[[ DATA PROVIDED, beginning ]]
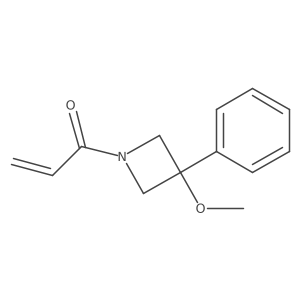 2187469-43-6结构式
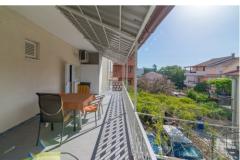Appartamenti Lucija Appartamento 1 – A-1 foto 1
[[ DATA PROVIDED, end ]]
[[ DATA PROVIDED, beginning ]]
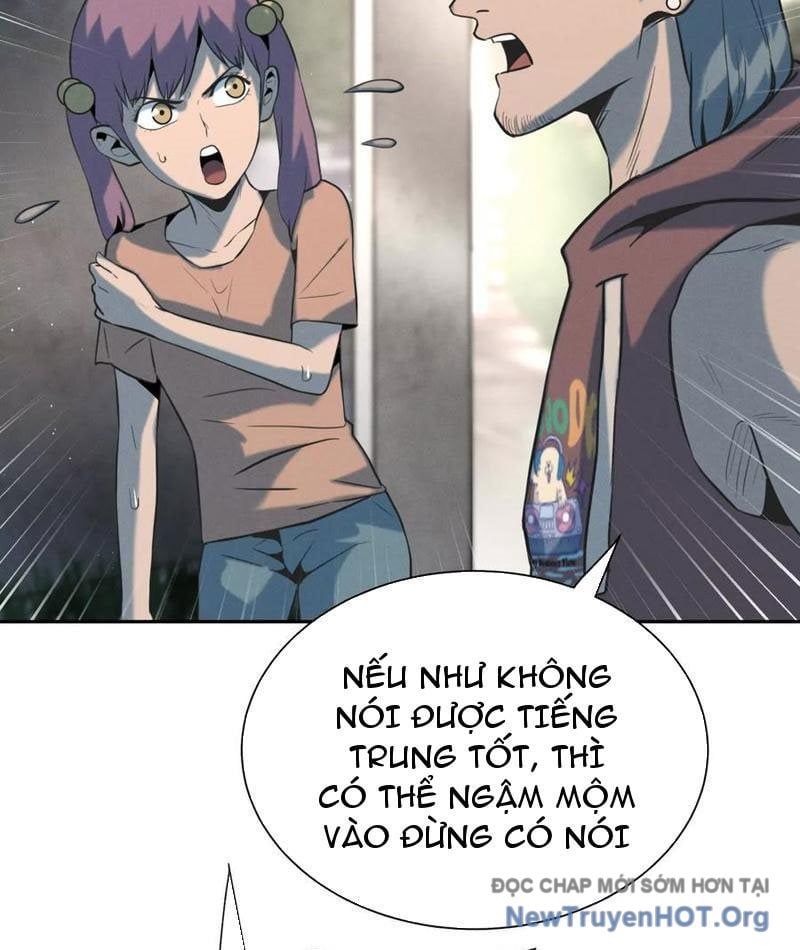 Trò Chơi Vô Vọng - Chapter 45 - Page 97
[[ DATA PROVIDED, end ]]
[[ DATA PROVIDED, beginning ]]
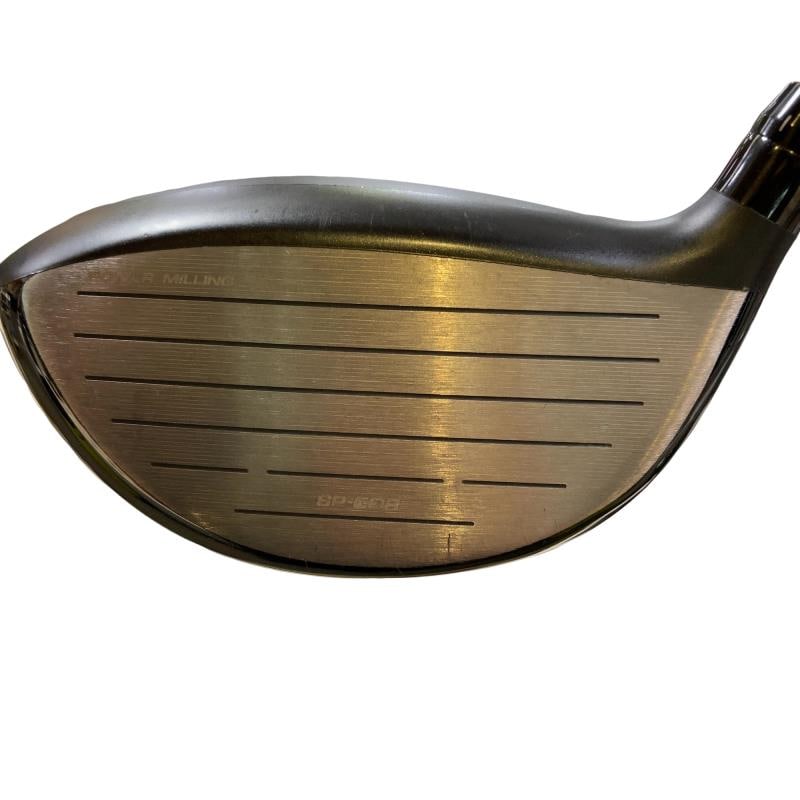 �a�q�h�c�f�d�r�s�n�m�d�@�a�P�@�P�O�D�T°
[[ DATA PROVIDED, end ]]
#### [GOAL OF THE EXERCISE]
Each line above starting at the one holding "2187469-43-6结构式" and ending at the one holding "Appartamenti Lucija Appartamento" should be set down exactly as it stands, both ends included, with no pictures.

#### [RESPONSE AREA]
 2187469-43-6结构式
Appartamenti Lucija Appartamento 1 – A-1 foto 1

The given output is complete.